On 11/29/17 6:36 PM, Mike Taylor wrote:
>
>> On Nov 29, 2017, at 10:53 AM, Emilio Cobos Álvarez <
emi...@crisal.io> wrote:
>>
>> In bug 1035091 I intend to remove support for the @-moz-document CSS
>> rule in content pages (more exactly in author stylesheets).
>
> This is a pretty widely used mechanism to target styles for Gecko. Would it be possible to disable in non-release for a few releases to sniff out any major layout/compat bustage?
Just for completeness, we did find breakage (see dependencies of that
bug).
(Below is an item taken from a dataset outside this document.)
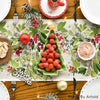 Artoid Mode Watercolor Holly Christmas Table Runner, Seasonal Winter Xmas Holiday Kitchen Dining Table Decoration for Indoor Outdoor Home Party Decor 13 x 72 Inch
I fixed most of those, and Youtube fixed theirs on their side.
All of it was related to @-moz-document url-prefix(), so even though I'd
still like to eventually get rid of it, for now I've added a pref:
layout.css.moz-document.url-prefix-hack.enabled
which controls whether @-moz-document url-prefix() parses or not.
The intention is that for pre-release builds there's no change (no
@-moz-document in content at all) since we still want to eventually flip
that pref, but for release we'll ship:
layout.css.moz-document.content.enabled = false;
layout.css.moz-document.url-prefix-hack.enabled = true;
That is, pages with @-moz-document url-prefix() { foo } will keep
working, but not other matching function like regex().
Let me know if there's any concern with doing this.